Four years have passed since we reached a milestone in the mobile technology space: the number of phones on the planet surpassed the number of people for the first time. Indeed, the smartphone is the fastest growing manmade phenomenon ever – from zero to 7.2 billion in three decades. Following suit, the number of mHealth solutions continues to grow, numbering in the tens, perhaps hundreds, of thousands, including:
- health-related apps;
- wearable technology;
- devices for client/patient communication; and
- wireless devices for real-time medication monitoring and adherence support.
Commensurate with this exponentional growth is the number of business models based on smartphones being proposed and implemented.
Sadly, the endless enthusiasm for mHealth solutions far outpaces demonstrations of efficacy, validity, safety, scalability, and interoperability despite calls for higher standards by healthcare companies, benefit providers, consumers, employers, professional healthcare bodies, and government agencies. In particular, what is lacking includes:
- high-quality efficacy trials (does the intervention work in ideal circumstances);
- high-quality effectiveness trials (does the intervention work in real-world settings);
- dissemination research that demonstrates the intervention can be reliably delivered at scale; and
- articulation of costs of the intervention to inform spread and scale.
The exciting aspect of leveraging smartphones to support health and wellness is the fact that most people have a phone and many interventions can be and are delivered via that medium. However, industry’s increasing role in pushing for mHealth scale up is also a cause for concern. Many of these calls emanated from industry representatives rather than researchers, governments, or care providers and it is likely that private enterprise has a quite different understanding of what scale up means, with growing market share, rather than improved health outcomes, at the core of their mission.
As well, no major investments have been made to create a robust platform for mobile phones that could be used by designers of applications and electronic medical records that will allow cross-fertilization or integrated systems to be utilized. Currently, a client or patient with multiple concerns may need to make use of numerous applications for each condition, each unrelated to the other.
The bottom line is clear.
At present, anyone can create and publish health and medical apps in the app stores without having to test them, and patients must experiment with apps by trial and error. Companies that leverage the evidence-base, translate what works into a superior user experience, and demonstrate cost-effective and superior outcomes, have the opportunity to seize and grown market-share as they implement at scale.
There have been numerous efforts around the world to provide quality and efficacy assessments of mHealth apps, each devising and using their own app evaluation framework.
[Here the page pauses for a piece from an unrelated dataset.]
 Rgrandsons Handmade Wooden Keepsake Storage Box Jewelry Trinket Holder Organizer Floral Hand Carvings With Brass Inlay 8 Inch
Ideally, like clinical “best practices” guidelines, a recognized national body can decide what framework they want to use to evaluate apps and which apps to deem safe for use (the recently re-opened NHS Apps library is a great example despite the initial hurdles with the data safety of some of their previously recommended apps). However, the challenges of a recognized body providing direction on the efficacy of apps are complex and something I will visit in a future post.
As a consumer, don’t just accept the marketing for any app. Instead, investigate the science behind the product or service, examine the outcomes that are reported, seek out independent user reviews (e.g. Google search, app review sites), and question that business model behind the “free” versus “paid” app (esp. with respect to the functionality with/without “in-App purchases” and the like).
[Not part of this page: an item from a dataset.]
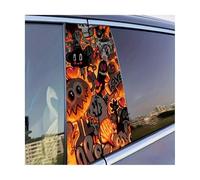 Self-Adhesive 2 PCS Car Door Pillar Decoration Sticker Dark Graffiti Glossy Material Protective Film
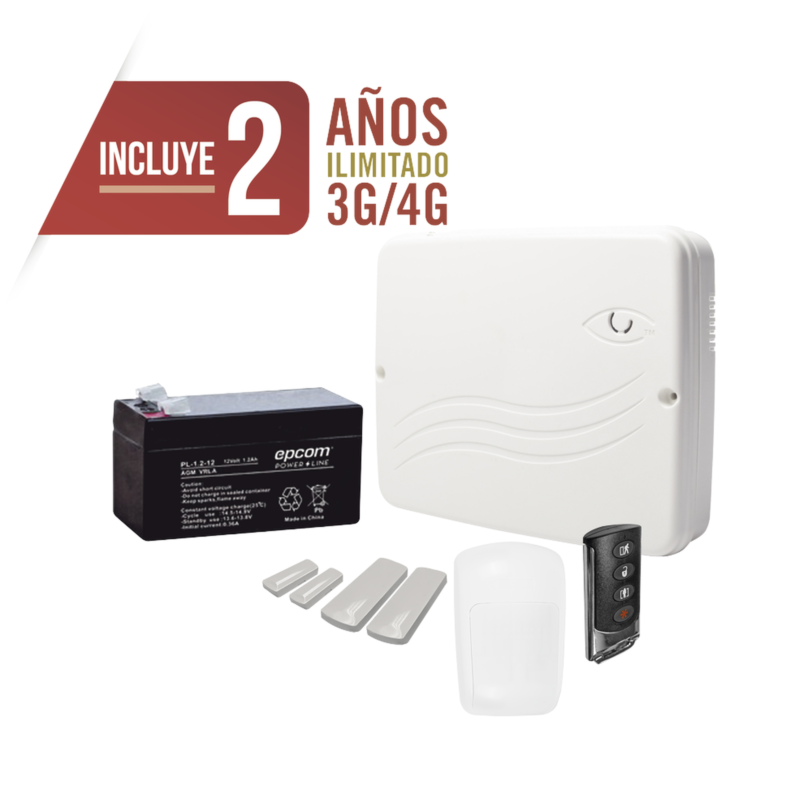 kit Profesional de Alarma Cloud Híbrido/Comunicador 4G Lte Integrado/8 Zonas Cableadas, 32 Inalambricas /Programación 100% vía WEB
As one guiding app-evaluation model, the American Psychiatric Association (APA) has developed an app rating system to assess and evaluate mental health apps. The system does not report if a particular app is good or bad, or whether it’s right for you. It offers resources to help you make an informed decision about whether to use an app.
The APA app evaluation system involves five steps, each with a series of questions to help you assess the app.
Step 1 General information
Step 1 is gathering general information about the app. For example, consider who developed the app, whether there is a cost or in-app purchases required. Does the app claim to be medical?
Step 2 Privacy and security
Step 3 Evidence
App developers often make claims even though there is currently little research or evidence to support the claims. This does not mean that apps don’t work, just that there is much we do not know. Several questions and information sources can help you consider an app’s function and benefits. For example, what does it claim to do vs. what does it actually do? Is there peer-reviewed, published evidence about tool or science behind it? Is there any feedback from users to support claims ( such as the app store, website, review sites, etc.)?
Step 4 Ease of Use
An app is only as useful if it is practical. Ease of use is subjective – different people will have very different ideas about ease of use. A couple of things to consider: Is it easy to access and would it be easy to use over the long-term? Are features of the app customizable? Does it need an Internet connection to work?
Step 5 Interoperability
Interoperability is the ability of different systems to share data. This may be important or useful with some apps, for example apps that track moods or help manage medication. Consider
- Who “owns” the data? (Do you? Does the app developer?)
- Can you print out or export/download your data?
- Can the app share data with other user data tools (e.g., Apple HealthKit, FitBit®)?
There is no specific minimum criteria necessary for an app to be considered “good” or “useful.” That is an individual decision, but these steps and questions can help you make an informed decision.